• Assignment:
Restate word for word the lines of the records below, starting at the line that contains "American Flag Baseball Team Gift For T-Shirt" and ending at the line that contains "Jeans skinny stretch", with both of those lines included and nothing else.
☆ ☆ ☆ ☆
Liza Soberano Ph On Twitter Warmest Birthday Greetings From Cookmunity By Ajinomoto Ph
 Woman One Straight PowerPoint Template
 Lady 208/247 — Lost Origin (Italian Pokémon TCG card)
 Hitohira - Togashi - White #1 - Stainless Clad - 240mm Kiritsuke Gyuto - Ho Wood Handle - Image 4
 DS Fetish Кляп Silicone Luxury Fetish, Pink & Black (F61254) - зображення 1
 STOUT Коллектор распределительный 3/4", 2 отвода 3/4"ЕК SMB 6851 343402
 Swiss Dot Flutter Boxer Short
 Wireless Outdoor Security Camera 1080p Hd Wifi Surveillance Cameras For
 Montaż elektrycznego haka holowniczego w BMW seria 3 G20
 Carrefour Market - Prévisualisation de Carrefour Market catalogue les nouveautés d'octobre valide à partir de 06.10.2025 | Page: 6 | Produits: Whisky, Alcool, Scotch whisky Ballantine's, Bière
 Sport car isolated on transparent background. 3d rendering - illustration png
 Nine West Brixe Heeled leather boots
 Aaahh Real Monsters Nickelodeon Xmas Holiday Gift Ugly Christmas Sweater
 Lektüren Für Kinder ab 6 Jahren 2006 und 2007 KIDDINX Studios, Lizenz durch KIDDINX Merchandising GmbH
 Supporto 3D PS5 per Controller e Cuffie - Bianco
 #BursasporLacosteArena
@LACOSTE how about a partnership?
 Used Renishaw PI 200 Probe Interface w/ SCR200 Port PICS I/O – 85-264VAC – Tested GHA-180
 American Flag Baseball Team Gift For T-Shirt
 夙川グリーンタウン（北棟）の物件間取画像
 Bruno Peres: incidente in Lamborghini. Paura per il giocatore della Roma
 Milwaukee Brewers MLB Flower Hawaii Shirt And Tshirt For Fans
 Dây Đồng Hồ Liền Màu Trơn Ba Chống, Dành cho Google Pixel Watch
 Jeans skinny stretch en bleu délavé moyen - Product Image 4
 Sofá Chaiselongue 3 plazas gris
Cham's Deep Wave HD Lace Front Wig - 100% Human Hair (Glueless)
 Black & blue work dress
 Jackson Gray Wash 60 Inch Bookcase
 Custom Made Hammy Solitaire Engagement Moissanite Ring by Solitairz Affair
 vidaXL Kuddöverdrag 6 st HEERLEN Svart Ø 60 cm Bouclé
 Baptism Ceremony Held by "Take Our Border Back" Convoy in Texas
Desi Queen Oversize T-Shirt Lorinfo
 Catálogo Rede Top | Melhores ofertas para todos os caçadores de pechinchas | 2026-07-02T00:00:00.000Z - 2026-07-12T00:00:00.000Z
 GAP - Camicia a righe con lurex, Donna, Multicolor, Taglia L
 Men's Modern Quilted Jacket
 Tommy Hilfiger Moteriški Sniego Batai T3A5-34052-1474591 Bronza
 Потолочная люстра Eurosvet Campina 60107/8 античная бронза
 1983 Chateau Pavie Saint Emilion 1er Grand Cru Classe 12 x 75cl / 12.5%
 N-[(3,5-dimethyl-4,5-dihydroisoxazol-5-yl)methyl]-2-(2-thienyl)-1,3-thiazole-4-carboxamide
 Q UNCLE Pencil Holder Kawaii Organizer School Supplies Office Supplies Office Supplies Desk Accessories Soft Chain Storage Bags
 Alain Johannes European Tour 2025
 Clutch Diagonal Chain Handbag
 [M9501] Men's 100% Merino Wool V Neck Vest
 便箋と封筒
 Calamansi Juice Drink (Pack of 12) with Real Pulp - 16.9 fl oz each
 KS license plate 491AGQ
☆ ☆ ☆ ☆
• Your response:
 American Flag Baseball Team Gift For T-Shirt
 夙川グリーンタウン（北棟）の物件間取画像
 Bruno Peres: incidente in Lamborghini. Paura per il giocatore della Roma
 Milwaukee Brewers MLB Flower Hawaii Shirt And Tshirt For Fans
 Dây Đồng Hồ Liền Màu Trơn Ba Chống, Dành cho Google Pixel Watch
 Jeans skinny stretch en bleu délavé moyen - Product Image 4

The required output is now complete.